SQL> show parameter db_unique_name

For Cloud type Exadata Cloud at Customer Gen 1, set TGT_DB_UNIQUE_NAME to a different DB_UNIQUE_NAME not currently in use.

PLATFORM_TYPE

Set PLATFORM_TYPE to one of the following:

VMDB - Oracle Cloud Infrastructure virtual machine or bare metal targets.
EXACS - Exadata Cloud Service
EXACC - Exadata Cloud at Customer
NON_CLOUD - On-premises Exadata Database Machine

MIGRATION_METHOD

Set MIGRATION_METHOD to one of the following:

ONLINE_PHYSICAL - Oracle Data Guard (online)
OFFLINE_PHYSICAL - RMAN backup and restore (offline). Note that this is the only migration method supported for Oracle Standard Edition databases.

DATA_TRANSFER_MEDIUM

DATA_TRANSFER_MEDIUM specifies the media used for the source database backup. Valid values are dependent on whether MIGRATION_METHOD=ONLINE_PHYSICAL or MIGRATION_METHOD=OFFLINE_PHYSICAL.
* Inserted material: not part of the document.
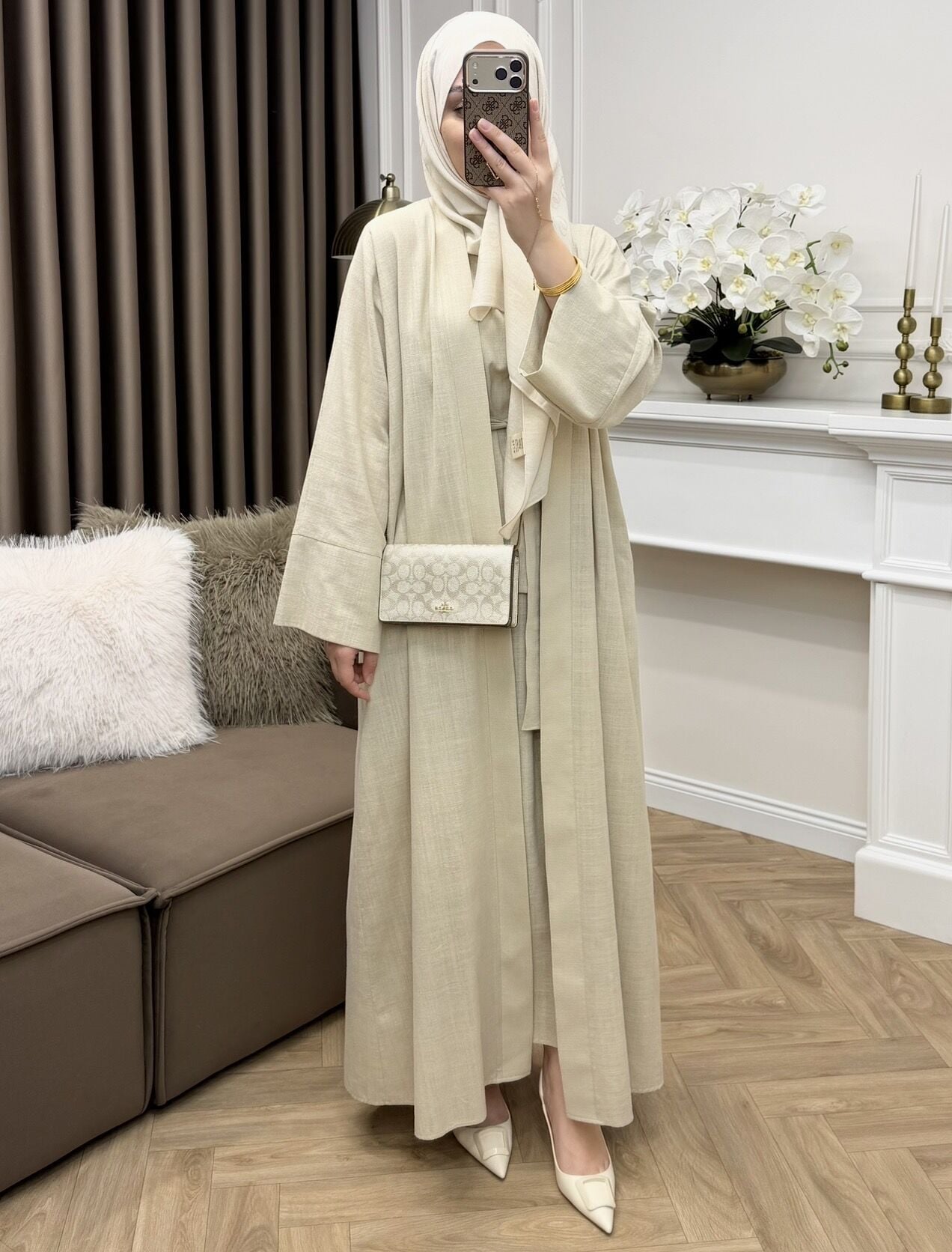 Linen Keten Abaya Takım Bej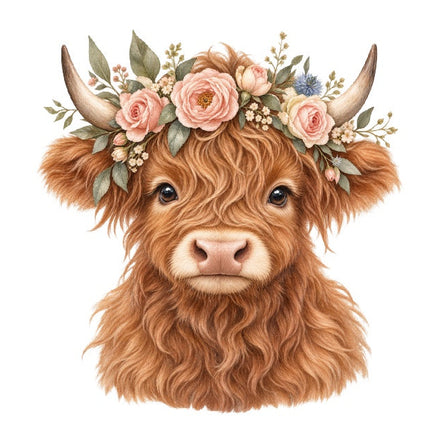 Highland Cow 100% Cotton Fabric Panel Block Quilt Square AAC595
When MIGRATION_METHOD=ONLINE_PHYSICAL You can use one of these data transfer method values:

OSS - Oracle Data Guard using Object Storage Service (OSS) for standby initialization.

Supported for PLATFORM_TYPE set to Oracle Cloud Infrastructure (VMDB), Exadata Cloud Service (EXACS), and Exadata Cloud at Customer (EXACC).

Also set ZDM_LOG_OSS_PAR_URL to the Cloud Object Store pre-authenticated URL if you want to upload migration logs onto Cloud Object Storage. For information about getting a pre-authenticated URL see Oracle Cloud documentation at https://docs.cloud.oracle.com/en-us/iaas/Content/Object/Tasks/usingpreauthenticatedrequests.htm#usingconsole.
EXTBACKUP - Oracle Data Guard with existing backup in external location .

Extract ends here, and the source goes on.